▶ [WHAT THE TASK REQUIRES] All records are to be transcribed in full; any pictures among them are to be skipped.

▶ [SUPPLIED RECORDS]

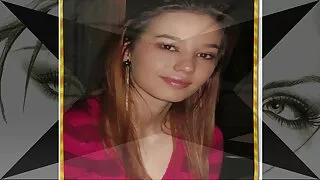 মেয়ে সমকামী, স্বর্ণকেশী বাংলা সেক্স নতুন ভিডিও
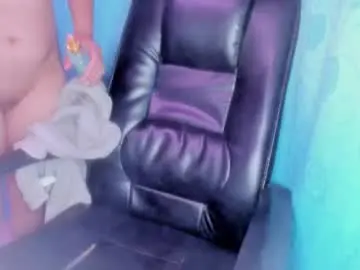 Chaturbate Free Porn Cam of dannajeins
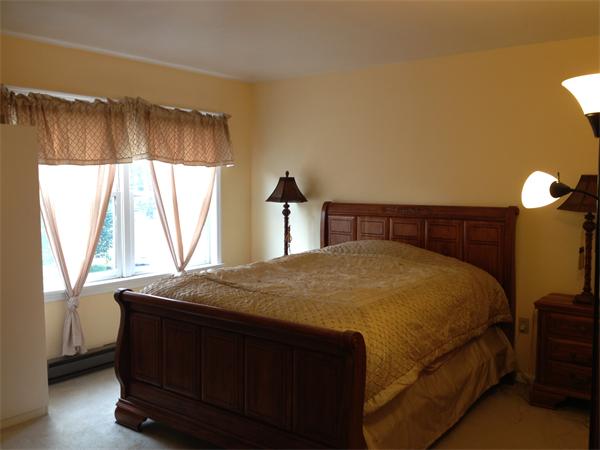 10 B Weldon Avenue Worcester, MA 01607 - Photo 6 of 15 Gallery Image 6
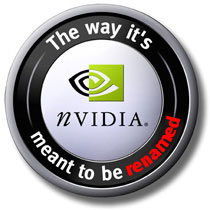 nvidia_logo_theway_renamed.jpg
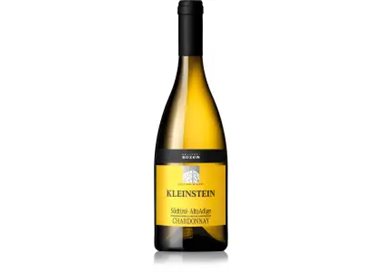 Bozen Kellerei Alto Adige Chardonnay DOC Kleinstein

▶ [SOLUTION BELOW]
 মেয়ে সমকামী, স্বর্ণকেশী বাংলা সেক্স নতুন ভিডিও
 Chaturbate Free Porn Cam of dannajeins
 10 B Weldon Avenue Worcester, MA 01607 - Photo 6 of 15 Gallery Image 6
 nvidia_logo_theway_renamed.jpg
 Bozen Kellerei Alto Adige Chardonnay DOC Kleinstein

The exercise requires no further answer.